▸ Problem details
Each line in the records below, from the one that contains "husband and wife" to the one that contains "Pantaloni corti rosa", should be reproduced exactly, the first and last included.

▸ Stored data

━━━━━━━━━━

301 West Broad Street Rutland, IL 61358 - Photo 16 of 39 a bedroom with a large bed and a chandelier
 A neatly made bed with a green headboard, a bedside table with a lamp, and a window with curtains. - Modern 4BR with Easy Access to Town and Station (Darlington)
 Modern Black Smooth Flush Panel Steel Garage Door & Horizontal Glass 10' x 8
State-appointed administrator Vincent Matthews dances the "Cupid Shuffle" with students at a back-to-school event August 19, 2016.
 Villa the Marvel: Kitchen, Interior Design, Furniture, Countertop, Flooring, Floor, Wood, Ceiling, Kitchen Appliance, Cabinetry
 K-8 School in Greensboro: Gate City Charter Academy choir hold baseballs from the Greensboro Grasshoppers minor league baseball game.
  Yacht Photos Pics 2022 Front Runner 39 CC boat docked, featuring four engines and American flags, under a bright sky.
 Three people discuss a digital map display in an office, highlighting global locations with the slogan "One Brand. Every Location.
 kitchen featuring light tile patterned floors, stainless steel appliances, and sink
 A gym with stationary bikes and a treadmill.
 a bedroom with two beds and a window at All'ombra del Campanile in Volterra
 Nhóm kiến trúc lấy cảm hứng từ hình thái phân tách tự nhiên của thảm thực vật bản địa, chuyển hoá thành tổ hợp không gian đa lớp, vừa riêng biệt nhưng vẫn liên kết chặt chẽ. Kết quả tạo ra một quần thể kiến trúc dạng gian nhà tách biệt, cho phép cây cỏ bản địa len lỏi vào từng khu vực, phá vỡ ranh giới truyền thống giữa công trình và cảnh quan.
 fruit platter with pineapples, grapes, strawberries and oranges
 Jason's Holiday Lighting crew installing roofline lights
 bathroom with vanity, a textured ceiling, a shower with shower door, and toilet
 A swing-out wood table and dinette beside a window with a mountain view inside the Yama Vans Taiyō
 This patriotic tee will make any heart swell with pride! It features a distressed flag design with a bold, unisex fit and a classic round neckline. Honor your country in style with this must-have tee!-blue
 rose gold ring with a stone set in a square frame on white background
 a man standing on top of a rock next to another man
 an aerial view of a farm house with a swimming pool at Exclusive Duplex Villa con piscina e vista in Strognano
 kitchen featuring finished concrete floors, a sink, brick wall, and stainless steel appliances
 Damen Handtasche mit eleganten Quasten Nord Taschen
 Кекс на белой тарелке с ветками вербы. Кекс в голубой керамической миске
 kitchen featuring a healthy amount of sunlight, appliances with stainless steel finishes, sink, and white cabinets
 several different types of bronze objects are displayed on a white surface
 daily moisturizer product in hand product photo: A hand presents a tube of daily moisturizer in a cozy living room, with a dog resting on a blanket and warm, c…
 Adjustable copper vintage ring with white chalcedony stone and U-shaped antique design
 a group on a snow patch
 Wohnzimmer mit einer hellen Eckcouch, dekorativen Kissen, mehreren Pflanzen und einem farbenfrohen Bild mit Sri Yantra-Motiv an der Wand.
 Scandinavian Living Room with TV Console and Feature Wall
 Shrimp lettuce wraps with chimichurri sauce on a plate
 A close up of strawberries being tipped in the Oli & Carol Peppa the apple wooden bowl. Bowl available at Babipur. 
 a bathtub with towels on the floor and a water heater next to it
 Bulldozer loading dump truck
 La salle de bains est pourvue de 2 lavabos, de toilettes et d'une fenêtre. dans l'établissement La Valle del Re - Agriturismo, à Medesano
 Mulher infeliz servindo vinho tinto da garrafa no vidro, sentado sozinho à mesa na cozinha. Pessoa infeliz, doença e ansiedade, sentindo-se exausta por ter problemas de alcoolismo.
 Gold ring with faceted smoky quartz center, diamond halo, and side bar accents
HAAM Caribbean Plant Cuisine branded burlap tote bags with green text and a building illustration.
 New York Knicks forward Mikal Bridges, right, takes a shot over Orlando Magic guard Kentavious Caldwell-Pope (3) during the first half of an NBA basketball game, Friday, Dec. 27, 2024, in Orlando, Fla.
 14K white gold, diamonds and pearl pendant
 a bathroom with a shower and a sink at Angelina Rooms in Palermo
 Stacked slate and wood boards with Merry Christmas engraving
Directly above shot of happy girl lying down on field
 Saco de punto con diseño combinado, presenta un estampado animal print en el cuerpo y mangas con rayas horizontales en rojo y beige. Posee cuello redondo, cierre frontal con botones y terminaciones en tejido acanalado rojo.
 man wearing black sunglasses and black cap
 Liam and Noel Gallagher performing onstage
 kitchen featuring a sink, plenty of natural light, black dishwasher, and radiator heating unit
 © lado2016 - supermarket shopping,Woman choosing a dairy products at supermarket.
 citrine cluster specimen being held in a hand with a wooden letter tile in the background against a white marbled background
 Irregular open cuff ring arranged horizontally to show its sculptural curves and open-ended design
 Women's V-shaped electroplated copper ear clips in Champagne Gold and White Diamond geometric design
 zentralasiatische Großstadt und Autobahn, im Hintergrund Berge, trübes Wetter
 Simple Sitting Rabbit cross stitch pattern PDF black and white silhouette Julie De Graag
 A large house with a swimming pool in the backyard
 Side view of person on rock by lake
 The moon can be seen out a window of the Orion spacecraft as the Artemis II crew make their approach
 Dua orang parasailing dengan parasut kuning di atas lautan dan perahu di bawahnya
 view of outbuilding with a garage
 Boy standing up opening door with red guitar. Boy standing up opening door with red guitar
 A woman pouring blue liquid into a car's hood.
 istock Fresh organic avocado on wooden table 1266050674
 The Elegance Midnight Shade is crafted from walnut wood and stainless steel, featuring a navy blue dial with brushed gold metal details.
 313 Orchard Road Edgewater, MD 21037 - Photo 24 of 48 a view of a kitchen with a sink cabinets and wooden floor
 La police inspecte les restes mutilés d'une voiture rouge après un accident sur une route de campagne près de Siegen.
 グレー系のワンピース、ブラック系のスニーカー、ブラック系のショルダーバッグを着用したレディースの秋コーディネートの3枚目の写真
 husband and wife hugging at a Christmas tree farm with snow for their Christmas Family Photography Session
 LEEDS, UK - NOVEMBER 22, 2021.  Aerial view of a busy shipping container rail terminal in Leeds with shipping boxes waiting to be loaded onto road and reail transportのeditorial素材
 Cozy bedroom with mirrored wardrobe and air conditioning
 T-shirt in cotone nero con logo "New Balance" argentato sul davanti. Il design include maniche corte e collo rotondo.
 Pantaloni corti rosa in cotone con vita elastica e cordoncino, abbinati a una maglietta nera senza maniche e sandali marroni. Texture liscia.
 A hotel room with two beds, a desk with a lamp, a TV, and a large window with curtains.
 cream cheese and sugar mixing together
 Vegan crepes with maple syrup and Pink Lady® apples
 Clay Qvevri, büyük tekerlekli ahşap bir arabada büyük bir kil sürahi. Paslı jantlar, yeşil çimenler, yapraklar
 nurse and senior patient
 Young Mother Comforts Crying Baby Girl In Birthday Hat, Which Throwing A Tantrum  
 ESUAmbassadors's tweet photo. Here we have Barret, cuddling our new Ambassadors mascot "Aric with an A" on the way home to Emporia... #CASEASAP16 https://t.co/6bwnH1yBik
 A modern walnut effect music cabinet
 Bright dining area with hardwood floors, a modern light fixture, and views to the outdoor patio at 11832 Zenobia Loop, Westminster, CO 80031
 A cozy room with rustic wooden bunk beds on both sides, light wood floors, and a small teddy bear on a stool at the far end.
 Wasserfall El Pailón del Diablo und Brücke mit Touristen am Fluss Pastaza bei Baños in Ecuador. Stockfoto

━━━━━━━━━━

▸ Response
 husband and wife hugging at a Christmas tree farm with snow for their Christmas Family Photography Session
 LEEDS, UK - NOVEMBER 22, 2021.  Aerial view of a busy shipping container rail terminal in Leeds with shipping boxes waiting to be loaded onto road and reail transportのeditorial素材
 Cozy bedroom with mirrored wardrobe and air conditioning
 T-shirt in cotone nero con logo "New Balance" argentato sul davanti. Il design include maniche corte e collo rotondo.
 Pantaloni corti rosa in cotone con vita elastica e cordoncino, abbinati a una maglietta nera senza maniche e sandali marroni. Texture liscia.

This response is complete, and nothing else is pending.